What to do: A word-for-word copy of every entry below is required; the images do not belong in it.

(Data items)
►
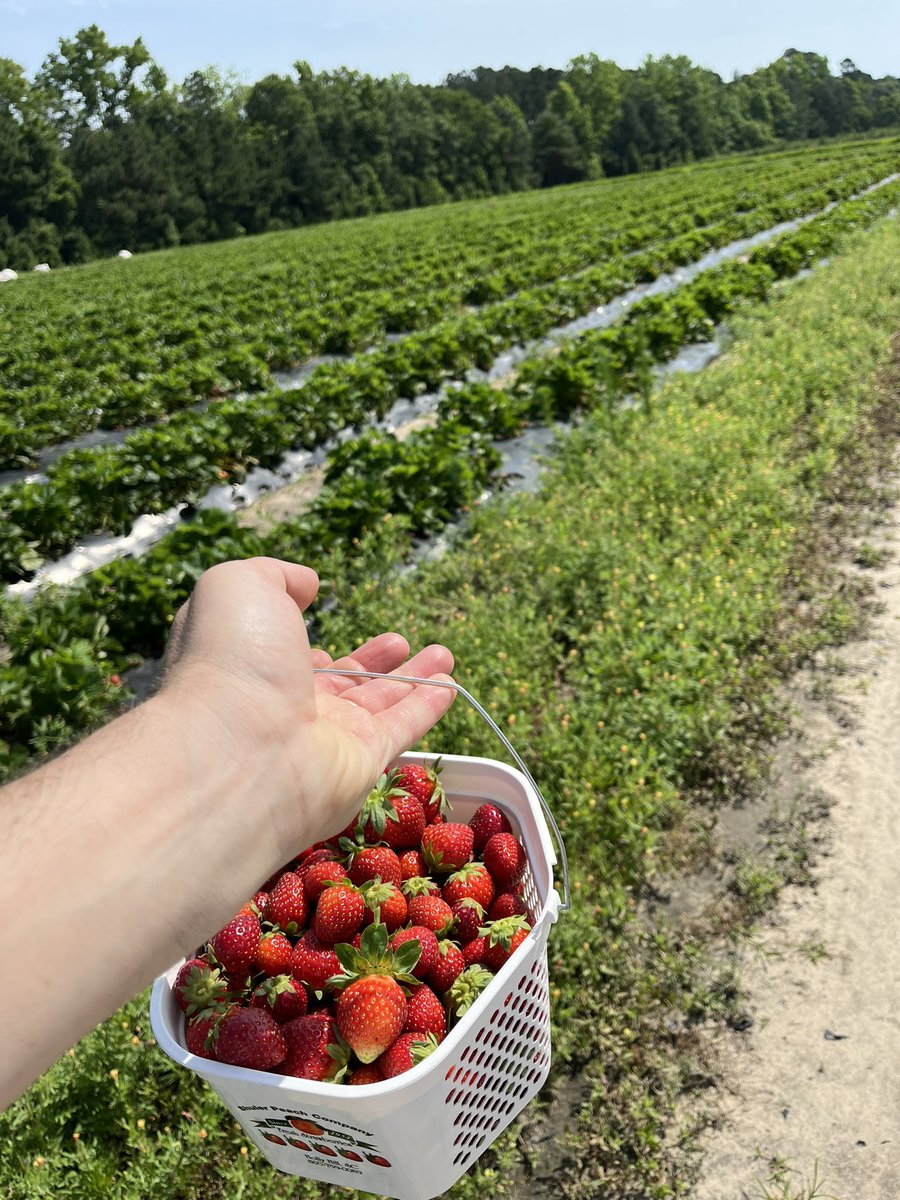 Cilegimizi topladik🥳receller yapilsin🤠
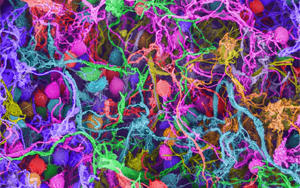 Nature：要想形成長期記憶，必須有DNA損傷和腦部炎癥？！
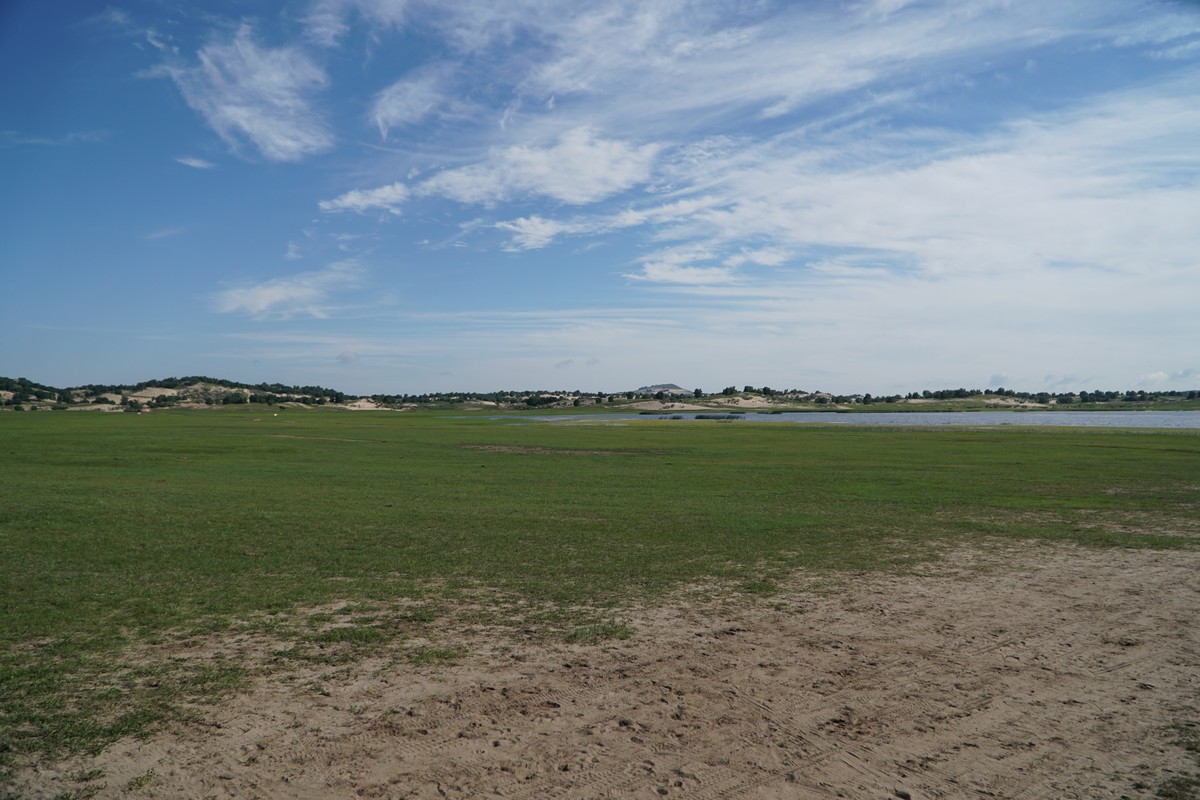 吴梦梦在线观看风月同天 但社群活跃度依赖核心用户海报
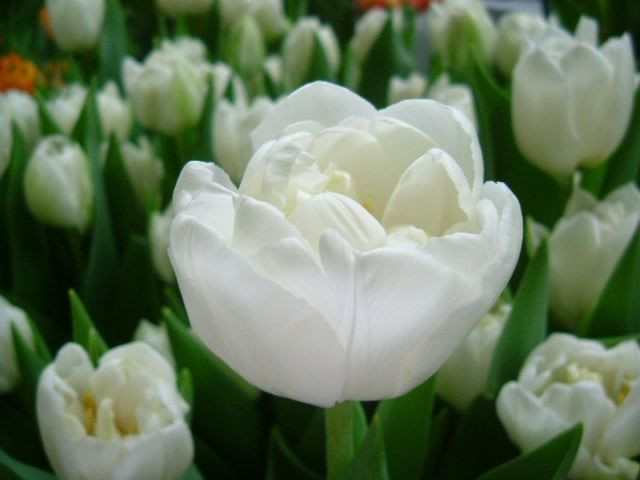 Tulip - White Heart  Tulipa Sp Bulb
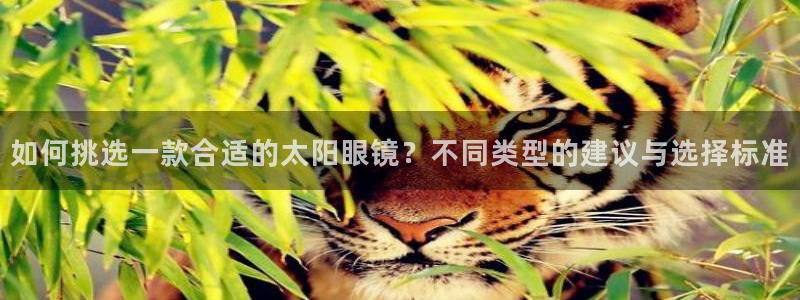 辉达娱乐最新消息新闻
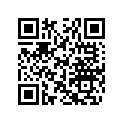 710000300 Support        *support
◄
Answer box:
 Cilegimizi topladik🥳receller yapilsin🤠
 Nature：要想形成長期記憶，必須有DNA損傷和腦部炎癥？！
 吴梦梦在线观看风月同天 但社群活跃度依赖核心用户海报
 Tulip - White Heart  Tulipa Sp Bulb
 辉达娱乐最新消息新闻
 710000300 Support        *support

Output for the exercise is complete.